La Torre también está presente en el mundo entero. Está primero, como símbolo universal de París, en todos los lugares de la tierra donde París ha de ser enunciada en imágenes; del Middlewest a Ausralia, no hay viaje a Francia que no se haga, en cierto modo, en nombre de la Torre, ni manual escolar, cartel o filme sobre Francia que no la muestre como el signo mayor de un pueblo y de un lugar: pertenece a la lengua universal del viaje. Mucho más: independientemente de su enunciado propiamente parisino, afecta al imaginario humano más general; su forma simple, matricial, le confiere la vocación de un número infinito: sucesivamente y según los impulsos de nuestra imaginación, es símbolo de París, de la modernidad, de la comunicación, de la ciencia o del siglo XIX, cohete, tallo, torre de perforación, falo, pararrayos o insecto; frente a los grandes itinerarios del sueño, es el signo inevitable; del mismo modo que no hay una mirada parisina que no se vea obligada a encontrársela, no hay fantasía que no termine hallando en ella tarde o temprano su forma y su alimento; tomen un lápiz y suelten su mano, es decir, su pensamiento, y, con frecuencia, nacerá la Torre, reducida a esa línea simple cuya única función mítica es la de unir, según la expresión del poeta, “la base y la cumbre”, o también “la tierra y el cielo”.
Es imposible huir de este signo puro -vacío, casi-, porque quiere decirlo todo. Para negar la Torre Eiffel (pero esta tentación es excepcional, pues este signo no hiere nada en nosotros), es preciso instalarse en ella como Maupassant y, por así decirlo, identificarse con ella. A semejanza del hombre, que es el único en no conocer su propia mirada, la Torre es el único punto ciego del sistema óptico total del cual es el centro y París la circunferencia. Pero, en este movimiento que parece limitarla, adquiere un nuevo poder: objeto cuando la miramos, se convierte a su vez en mirada cuando la visitamos, y constituye a su vez en objeto, a un tiempo extendido y reunido debajo de ella, a ese París que hace un momento la miraba. La Torre es un objeto que ve, una mirada que es vista; es un verbo completo, a la vez activo y pasivo, en el que ninguna función, ninguna voz(como se dice en gramática, por una sabrosa ambigüedad) es defectiva. Esta dialéctica no es trivial; hace de la Torre un monumento singular, pues el mundo produce ordinariamente o bien organismos puramente funcionales (cámara u ojo) destinados a ver las cosas, pero que, entonces, no se ofrecen en nada a la vista, estando lo que vemíticamente ligado a lo que permanece oculto (es el tema del mirón), o bien espectáculos que son ellos mismos ciegos y que son entregados a la pura pasividad de lo visible. La Torre (y es éste uno de sus poderes míticos) transgrede esta separación, este divorcio ordinario del ver y del ser visto; realiza una circulación soberana entre las dos funciones; es un objeto completo que tiene, por así decirlo, los dos sexos de la mirada. Esta posición radiante en el orden de la percepción le da una propensión prodigiosa al sentido: la Torre atrae al sentido, como un pararrayos atrae al rayo; para todos los aficionados a la significación, desempeña un papel prestigioso, el de un significante puro, es decir, de una forma en la que los hombres no dejan de colocar sentido (que toman a discreción de su saber, sus sueños, su historia), sin que por ello este sentido se termine o se fije: ¿quién puede decir qué será la Torre para los hombres de mañana? Pero, con seguridad, será siempre alguna cosa, y alguna cosa de ellos mismos. Mirada, objeto, símbolo, éste es el infinito circuito de funciones que le permite ser siempre algo muy distinto de la Torre Eiffel y mucho más que la Torre Eiffel.

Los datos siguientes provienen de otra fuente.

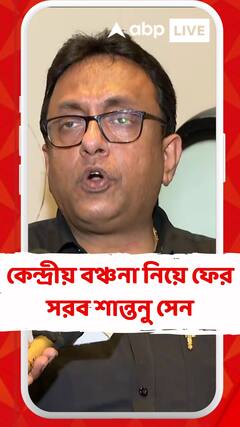 কেন্দ্রীয় বঞ্চনা নিয়ে ফের সরব শান্তনু সেন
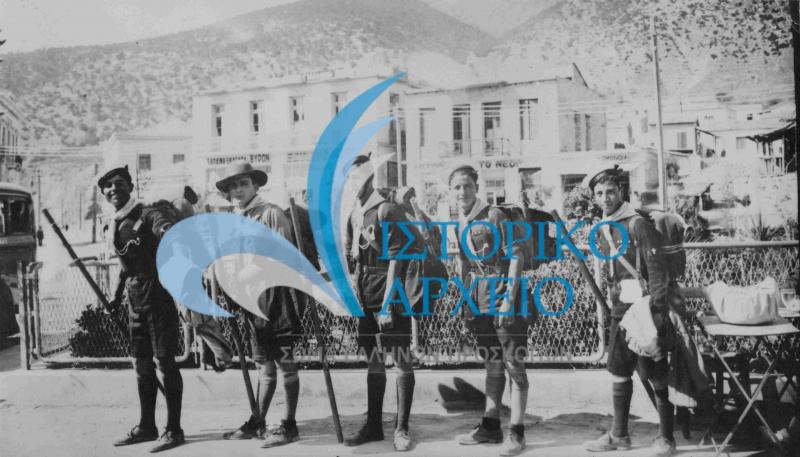 Πρόσκοποι ξεκινούν από το Λουτράκι πεζοπορία για το Ακρωτήριο Ηραίου Κορινθίας το 1934.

Para satisfacer esta gran función soñadora que hace de ella una especie de monumento total, es preciso que la Torre se escape de la razón. La primera condición de esta huida victoriosa es que la Torre sea un monumento plenamente inútil. La inutilidad de la Torre siempre se ha percibido oscuramente como un escándalo, es decir, como una verdad, valiosa e inconfesable. Antes incluso de que se construyera, se le reprochaba que fuese inútil, lo cual se pensaba que bastaba para condenarla; no pertenecía al espíritu de una época de ordinario consagrada a la racionalidad y al empirismo de las grandes empresas burguesas el soportar la idea de un objeto inútil (a menos que fuese declarativamente un objeto de arte, lo cual tampoco se podía pensar de la Torre); también Gustave Eiffel, en la defensa que él mismo hace de su proyecto en respuesta a la Protesta de los artistas, enumera cuidadosamente todos los usos futuros de la Torre: todos son, como se puede esperar de parte de un ingeniero, usos científicos: medidas aerodinámicas, estudios sobre la resistencia de los materiales, fisiología del escalador, investigaciones de radioelectricidad, problemas de telecomunicaciones, observaciones meteorológicas, etc. Estas utilidades son sin duda indiscutibles, pero parecen irrisorias al lado del mito formidable de la Torre, del sentido humano que ha tomado en el mundo entero. Y es que en este caso las razones utilitarias, por mucho que el mito de la Ciencia las ennoblezca, no son nada en comparación con la gran función imaginaria, que a los hombres les sirve para ser propiamente humanos. Sin embargo, como siempre, el sentido gratuito de la obra no se declara nunca directamente: se racionaliza con el uso: Eiffel veía su Torre como un objeto serio, razonable, útil; los hombres se lo devuelven como un gran sueño barroco que alcanza naturalmente los límites de lo irracional.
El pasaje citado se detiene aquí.